One of the strongest arguments Rachel makes in the book is that young people aren't actually looking for a "hipper" church - it's not a lack of fog machines and drum kits that's turning anyone away.
"Christians may need to get used to the idea of measuring significance by something other than money, fame, and power. No one ever said the fruit of the Spirit is relevance or impact or even revival. The fruit of the Spirit is love, joy, peace, patience, kindness, goodness, faithfulness, gentleness, and self-control--the sort of stuff that, let's face it, doesn't always sell."
Since leaving Charlottesville, I've been a skeptical "church hopper," more inclined to see reasons why a new church isn't for me than reasons why it could be. This book has been very appropriate for this season in my life and gave me the motivation to turn my hopping into a true pursuit. Searching for Sunday gives me hope that somewhere out there is a church family that is welcoming, inclusive, understanding, and committed to praising Jesus together in the midst of messy real life - or one that could be, with me on board. I'm ready to share my bread.

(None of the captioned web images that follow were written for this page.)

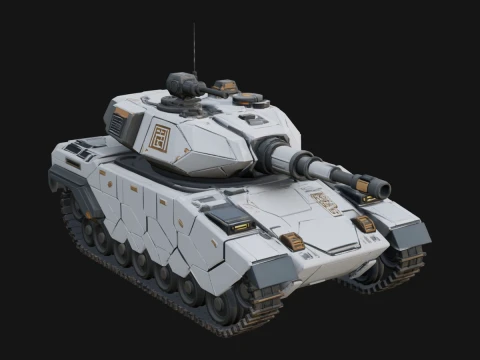 Tracked Armored Vehicle Model Design 14 - 3D Print Model Model do druku 3D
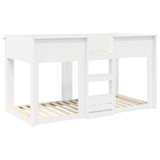 Bunk Bed for Kids White 90 x 200 cm Engineered Wood 3410411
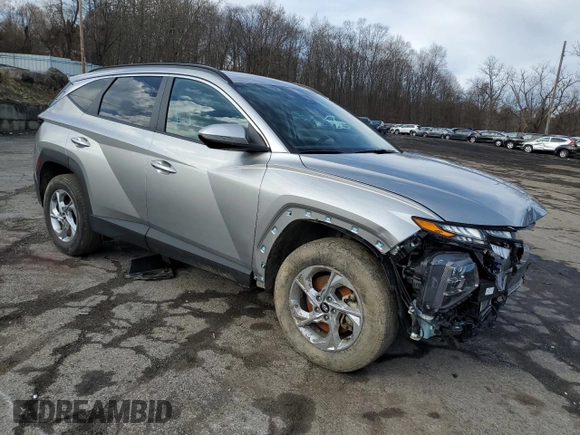 2022 Hyundai Tucson SEL with VIN 5NMJBCAEXNH144057, listed as a Copart auction lot 86635124 with 18,133 mi miles and Salvage Title. Bid and sale history available at carsss.com. Image 4.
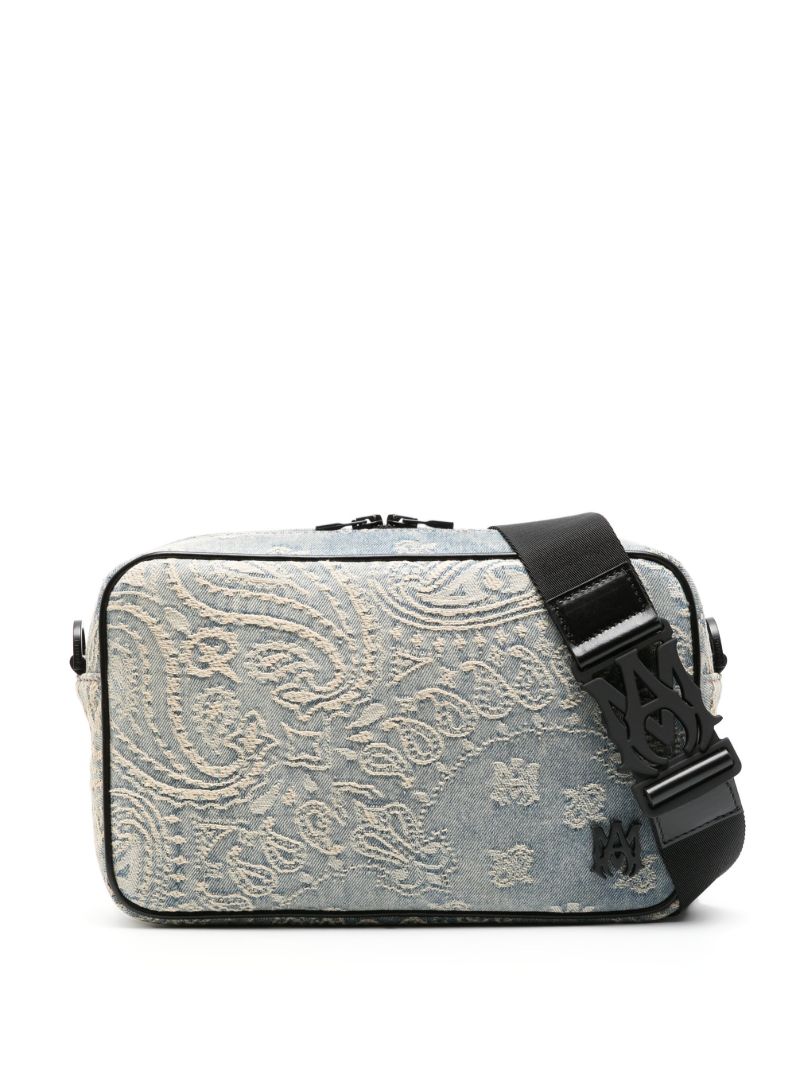 Blue Bandana Denim Camera Bag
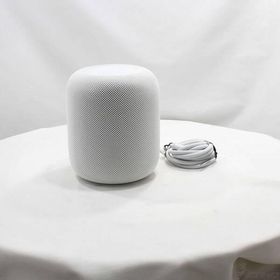 〔中古〕Apple(アップル) HomePod 第1世代 MQHV2J／A ホワイト〔262-ud〕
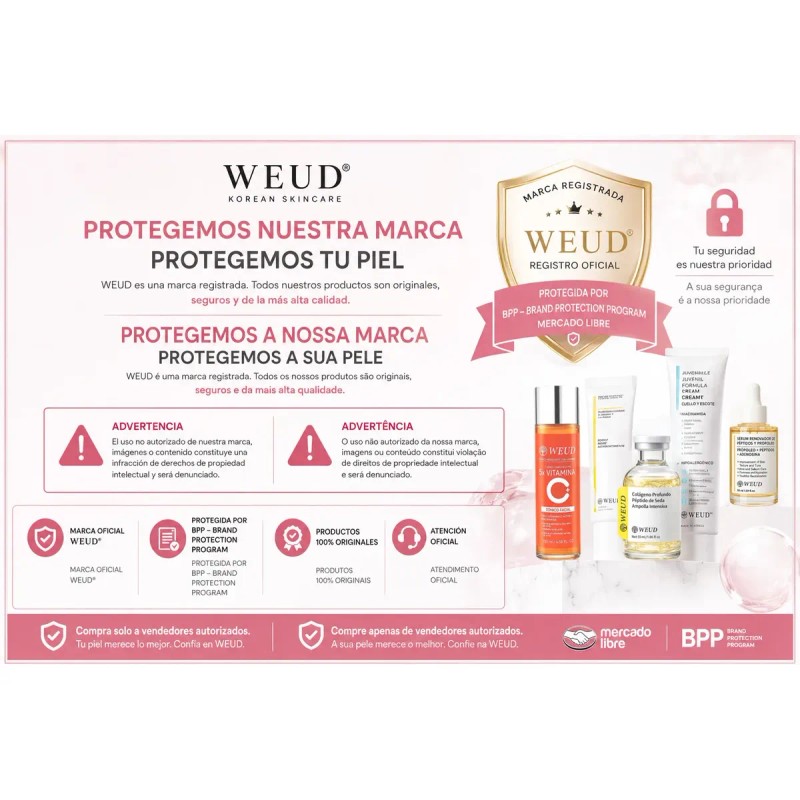 Weud Corea Kit Facial Colágeno Péptidos Niacinamida Spf50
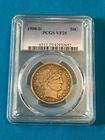 1908 D Barber Half Dollar - PCGS VF25 50C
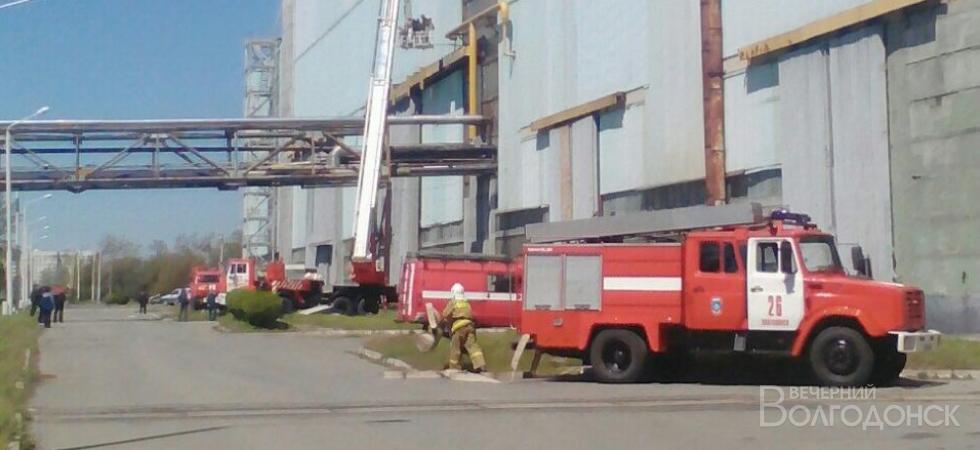 В Волгодонске на заводе «Атоммаш» произошел пожар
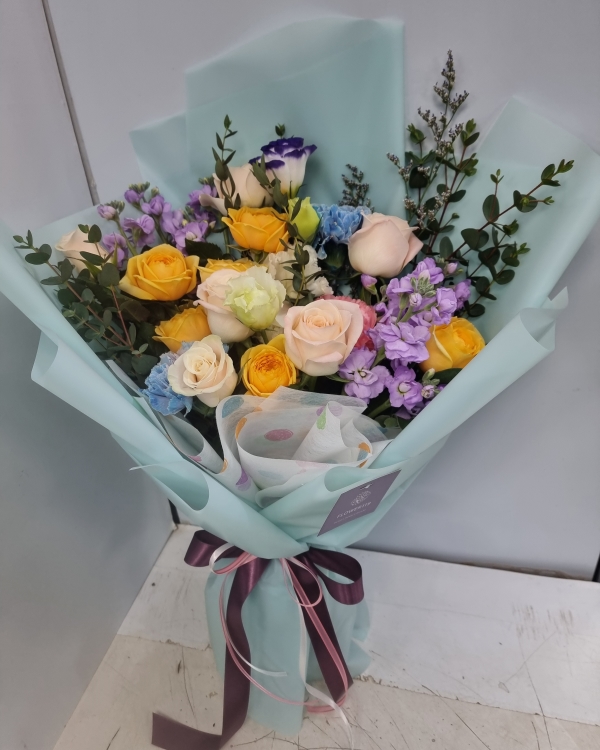 꽃다발/보라/Spring violet - 보라빛 봄빛 햇살 꽃배달 - 플라워119꽃배달서비스 꽃다발/보라/Spring violet - 보라빛 봄빛 햇살 Spring... 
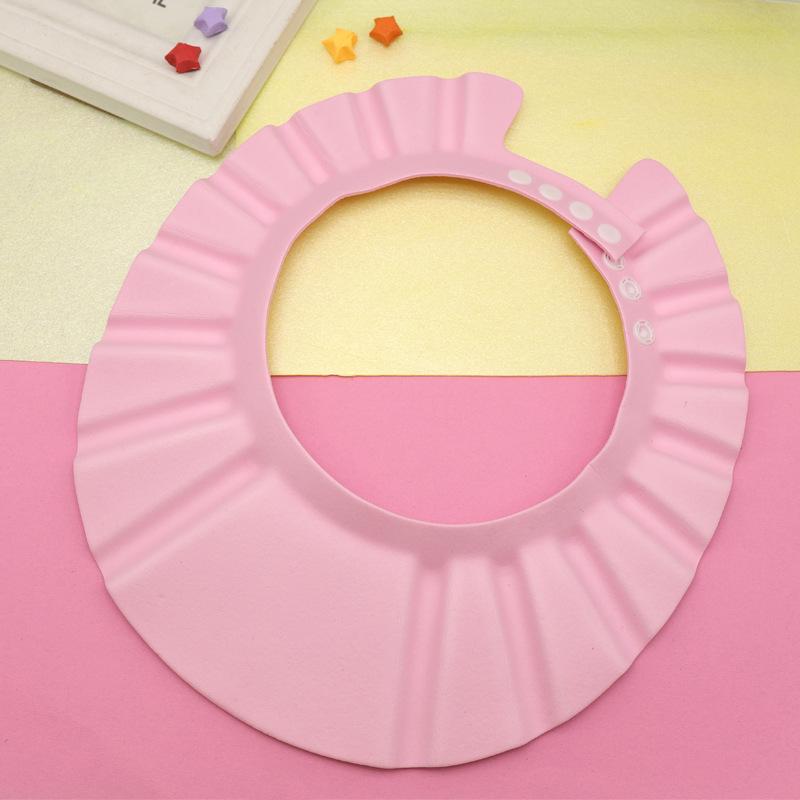 Mother & Baby 6-Style Adjustable Baby Bath Visor with Ear Protection for Children's Hair Washing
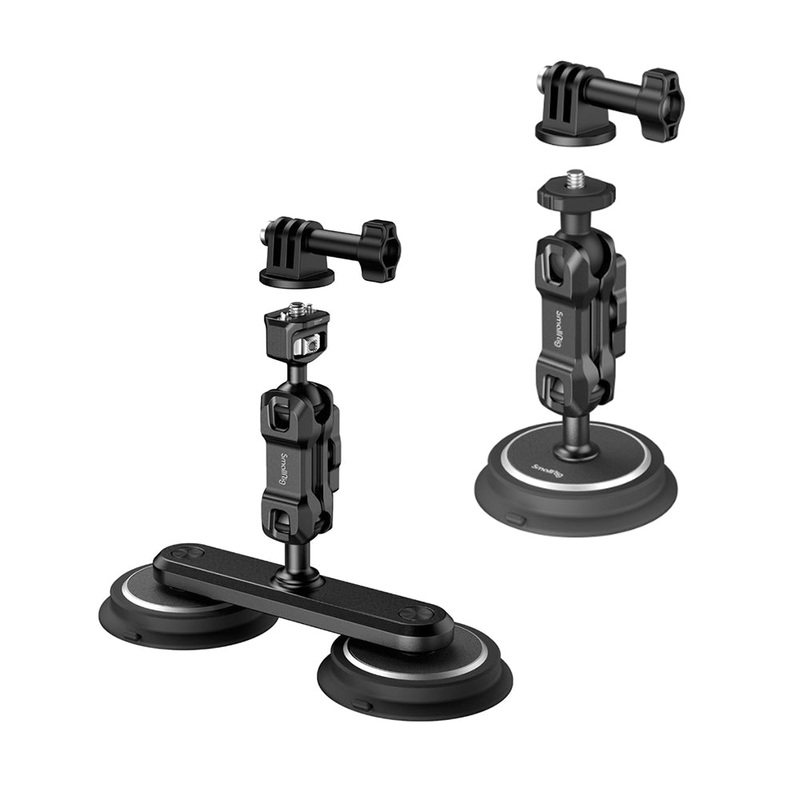 SmallRig Magic Arm with Magnetic Suction Cup & Action Camera Mount Adapter for GoPro, Insta360, DJI Action & 1/4 Thread for Sony, Canon, Nikon, Lumix, FUJIFILM Compact Digital Cameras | 4466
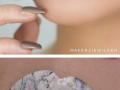 Marble lips, the newest makeup trend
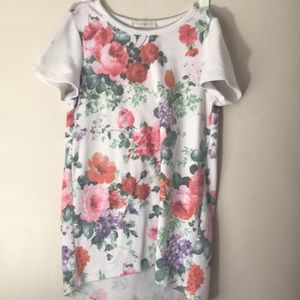 Floral tee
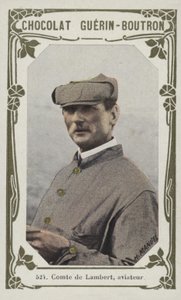 Comte de Lambert, flyver (farvet foto) af French School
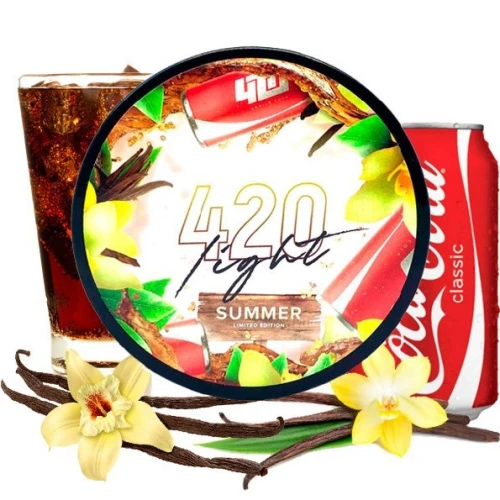 Табак 420 Light Line Vanilla Cola (Ванильная Кола) 100гр купить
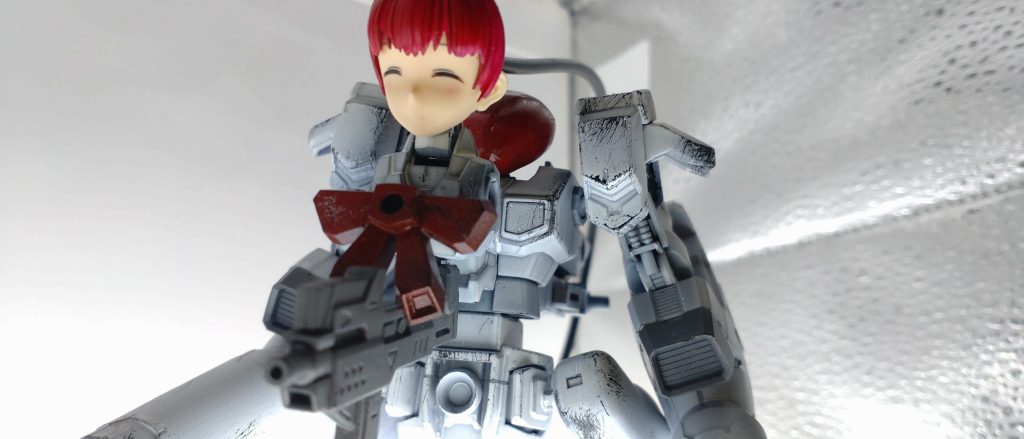 女の子っぽく可愛いリボンをつけました。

Disclosure of Material Connection: I received a .pdf of this book free from the publisher, Nelson Books, Inc., an imprint of Harper Collins Publishers, as a member of the Searching for Sunday Launch Team. I was not required to write a positive review. The opinions I have expressed are my own. I am disclosing this in accordance with the Federal Trade Commission’s 16 CFR, Part 255: “Guides Concerning the Use of Endorsements and Testimonials in Advertising.”